[Opening Supplied information section]
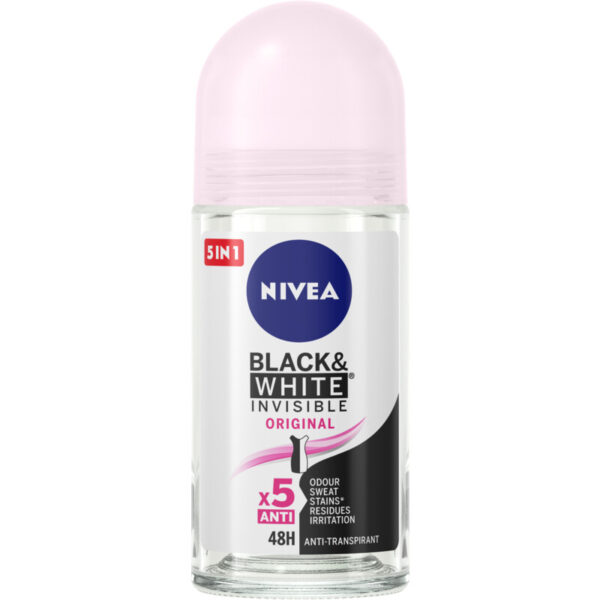Nivea Black & White Original Deodorant Roller - Albert Heijn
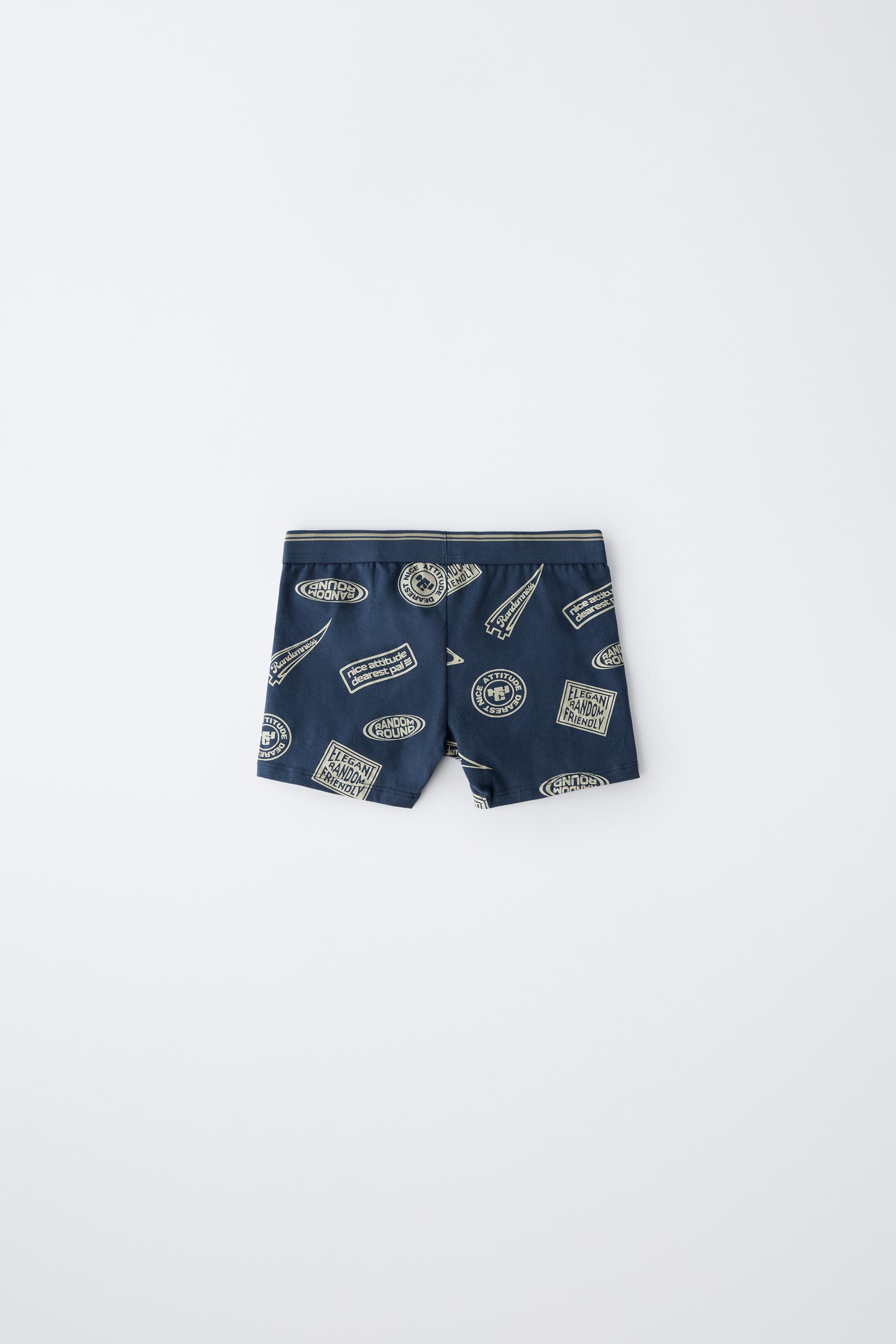 AGES 6-14/ FIVE-PACK OF PRINTED BOXERS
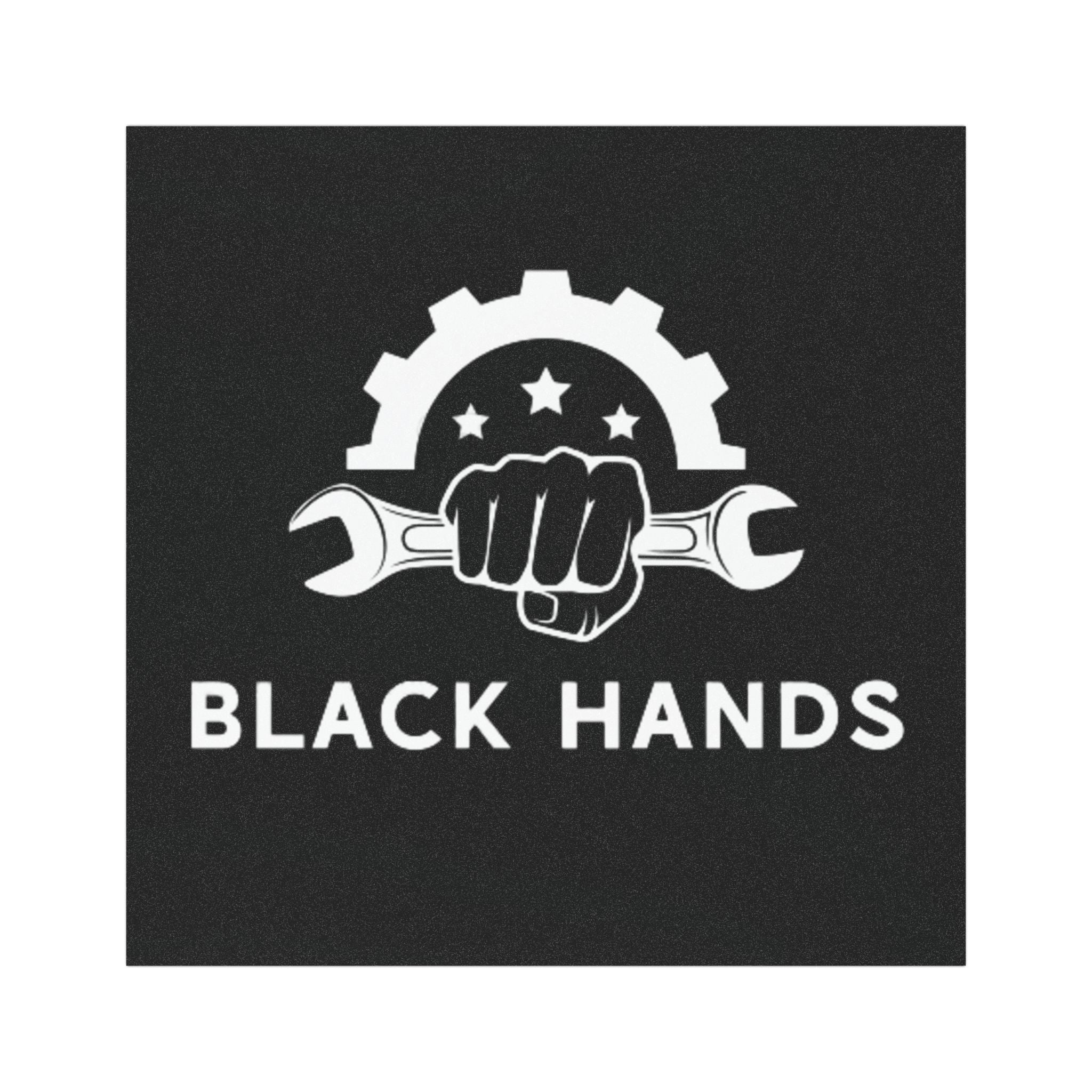 Black Hands Logo Car Magnet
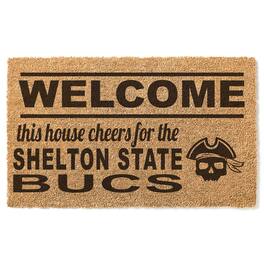 Jardine - Shelton State Buccaneers 18" x 30" Welcome Doormat - Brown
[Closing Supplied information section]
§ Your objective:
I'd like the material repeated word for word, without the pictures it holds.

§ Completed task:
Nivea Black & White Original Deodorant Roller - Albert Heijn
 AGES 6-14/ FIVE-PACK OF PRINTED BOXERS
 Black Hands Logo Car Magnet
 Jardine - Shelton State Buccaneers 18" x 30" Welcome Doormat - Brown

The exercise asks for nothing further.